Ao pretendermos discutir ética e responsabilidade de inteligência artificial, tendo em vista o novo cenário de hiperconectividade e Internet das Coisas, 1 temos por objetivo pensar sobre os parâmetros que nortearão nossa sociedade cada vez mais moldada pela tecnologia.

Analisaremos o avanço das coisas inteligentes cada vez mais autônomas e simbióticas às relações sociais, com o intuito de compreendermos melhor o grau de influência que artefatos não humanos podem exercer sobre nós, incluindo nesta perspectiva as discussões sobre algoritmos e inteligência artificial, pensando sob um ponto de vista regulatório.

A inteligência artificial merece destaque nessa discussão, porque trata justamente da tentativa de se criarem mecanismos capazes de “pensar” e agir de forma cada vez mais autônoma. Apesar de o paradigma fundamental do Direito atual ser o antropocentrismo de matriz iluminista, o crescente avanço tecnológico abre a possibilidade para a criação de artefatos mais racionalmente inteligentes que os humanos, o que poderá ser determinante para uma ruptura de paradigma, a partir da qual precisaremos de novas lentes ontológicas e epistemológicas. Segundo Marco Aurélio Castro Júnior 2 :

“É lícito afirmar que se outro ente for encontrado dotado desses mesmos elementos a conclusão lógica é a de se lhe atribuir o mesmo status jurídico de pessoa. [...] Hoje as legislações vigentes em Portugal e no Brasil aboliram adjetivos dos seus conceitos de pessoa, abrindo a porta para que se compreenda como pessoa, como dotado de personalidade jurídica, não apenas o Homem, mas à moda da visão oriental sobre a equiparação da dignidade de todos os seres com o Homem, dando chances à teoria do direito animal e, assim, também a do direito robótico para que um robô seja juridicamente qualificado como Pessoa.”

Na mesma linha, o Parlamento Europeu editou recentemente uma resolução com recomendações da Comissão Europeia (2015/2103-INL) 3 propondo a criação de uma personalidade eletrônica para robôs inteligentes, entre outras propostas de regulamentação jurídica. Em sua justificativa, lê-se: “Even if robots are not yet commonplace, the time has come to legislate”.

Apesar de interessante a proposta, este tipo de regulação não pode ser precipitada, devendo passar amplamente pelas esferas deliberativas da sociedade. Defendemos, portanto, que o avanço jurídico-regulatório seja acompanhado de perto por um debate ético e jurídico maduro e inclusivo nas esferas públicas. A importância destas questões está em termos maior clareza e pensarmos sobre o tipo de ética que deve nortear os avanços tecnológicos, bem como que tipo de responsabilidades devemos atribuir a agentes humanos e não humanos neste contexto, tendo em vista seu potencial impacto na sociedade. Exploraremos todas essas questões a partir de agora.

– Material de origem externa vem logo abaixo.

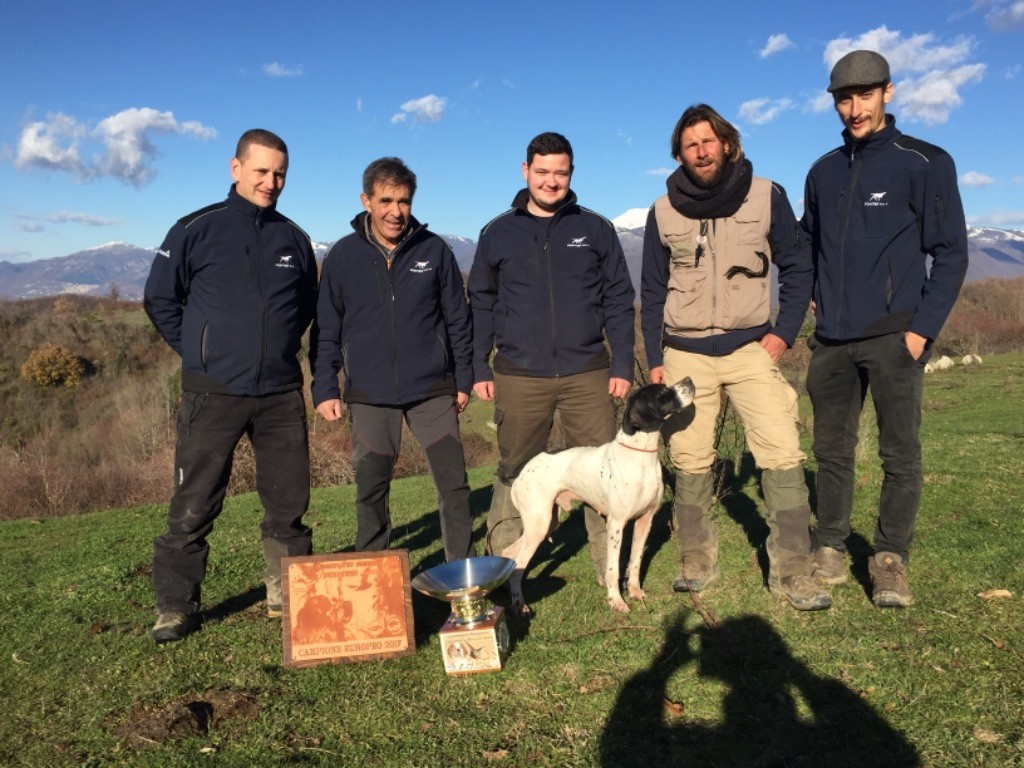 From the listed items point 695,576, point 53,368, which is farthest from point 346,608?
point 53,368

2.Ética e responsabilidade de inteligência artificial

O uso da tecnologia, com enfoque na Inteligência Artificial, pode gerar consequências imprevisíveis e incontroláveis, de modo que, muitas vezes, a única solução é desativar o sistema. Fica claro, portanto, o ganho de autonomia e complexidade dos novos artefatos técnicos, visto que são dotados de agência incrementada, capaz de influenciar e serem influenciadas na rede de maneira significativa, compondo muitas vezes sistemas sociotécnicos ainda mais autônomos e imprevisíveis.

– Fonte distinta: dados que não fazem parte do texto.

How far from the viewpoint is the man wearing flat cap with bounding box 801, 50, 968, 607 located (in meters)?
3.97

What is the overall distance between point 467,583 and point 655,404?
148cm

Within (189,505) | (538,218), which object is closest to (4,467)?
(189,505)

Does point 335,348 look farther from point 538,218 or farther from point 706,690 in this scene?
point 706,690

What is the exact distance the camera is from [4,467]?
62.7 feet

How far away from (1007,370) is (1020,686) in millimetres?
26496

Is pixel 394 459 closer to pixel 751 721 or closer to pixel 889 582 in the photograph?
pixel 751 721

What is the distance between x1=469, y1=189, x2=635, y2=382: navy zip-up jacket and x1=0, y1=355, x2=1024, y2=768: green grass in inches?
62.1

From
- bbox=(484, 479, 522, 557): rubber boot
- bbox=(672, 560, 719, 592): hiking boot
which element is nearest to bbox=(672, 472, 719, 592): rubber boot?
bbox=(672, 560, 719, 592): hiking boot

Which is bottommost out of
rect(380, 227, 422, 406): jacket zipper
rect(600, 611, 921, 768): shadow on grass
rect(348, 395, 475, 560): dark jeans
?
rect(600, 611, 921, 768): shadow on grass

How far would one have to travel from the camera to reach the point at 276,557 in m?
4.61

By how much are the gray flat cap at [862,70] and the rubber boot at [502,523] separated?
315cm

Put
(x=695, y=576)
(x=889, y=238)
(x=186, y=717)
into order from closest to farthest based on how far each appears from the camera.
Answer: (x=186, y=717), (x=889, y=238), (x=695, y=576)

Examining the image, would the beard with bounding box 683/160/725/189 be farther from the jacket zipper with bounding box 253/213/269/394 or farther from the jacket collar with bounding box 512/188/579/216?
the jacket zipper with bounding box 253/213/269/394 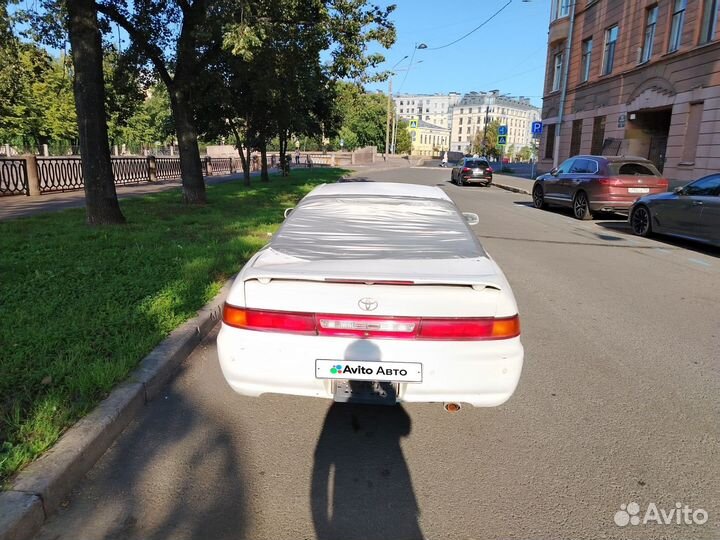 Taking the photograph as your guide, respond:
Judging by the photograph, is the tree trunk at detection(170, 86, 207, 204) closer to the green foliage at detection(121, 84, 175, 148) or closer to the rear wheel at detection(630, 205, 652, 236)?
the rear wheel at detection(630, 205, 652, 236)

Embora não exista um sistema de inteligência artificial que seja completamente autônomo, imagina-se que, com o desenvolvimento da tecnologia, é possível que sejam criadas máquinas que terão a capacidade de tomar decisões de forma cada vez mais autônoma, o que levanta questões acerca de quem seria o responsável pelo resultado de suas ações e por eventuais reparações pelos danos gerados.

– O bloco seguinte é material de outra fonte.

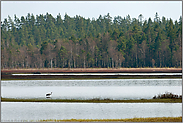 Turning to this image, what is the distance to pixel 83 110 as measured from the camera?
92.2ft

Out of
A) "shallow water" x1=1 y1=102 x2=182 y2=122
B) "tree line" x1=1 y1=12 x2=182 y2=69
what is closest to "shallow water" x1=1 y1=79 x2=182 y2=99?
"shallow water" x1=1 y1=102 x2=182 y2=122

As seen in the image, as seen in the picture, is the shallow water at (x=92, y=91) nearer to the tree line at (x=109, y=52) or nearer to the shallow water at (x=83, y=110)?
the shallow water at (x=83, y=110)

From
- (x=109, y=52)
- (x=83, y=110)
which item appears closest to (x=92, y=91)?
(x=83, y=110)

A habilidade de acumular experiências e aprender com base em processamentos massivos de dados, somada à capacidade de agir de forma independente e fazer escolhas de maneira autônoma podem ser consideradas pré-condições para a responsabilidade por danos. Contudo, como não se reconhece hoje a Inteligência Artificial como um sujeito de direito, ela não pode ser considerada individualmente responsável pelos potenciais danos que pode causar. Com base nessa perspectiva, segundo parte da doutrina, uma pessoa (natural ou uma entidade) em nome de quem um programa foi criado deveria, em última análise, ser responsável por qualquer ação gerada pela máquina. Esse raciocínio pauta-se pela noção de que uma ferramenta não possui vontade própria.

Sob outro ângulo, no caso de danos causados por atos de uma inteligência artificial, um tipo de responsabilidade aventada é aquela que faz uma analogia com a responsabilidade atribuída aos pais pelas ações de seus filhos quando incapazes, ou a responsabilidade de donos de animais quando estes geram danos. Dessa forma, adotando-se essa perspectiva, a responsabilidade pelos atos de uma AI poderia recair não somente sobre seu produtor, mas também sobre seus usuários ou programadores, responsáveis pelo seu “treinamento”.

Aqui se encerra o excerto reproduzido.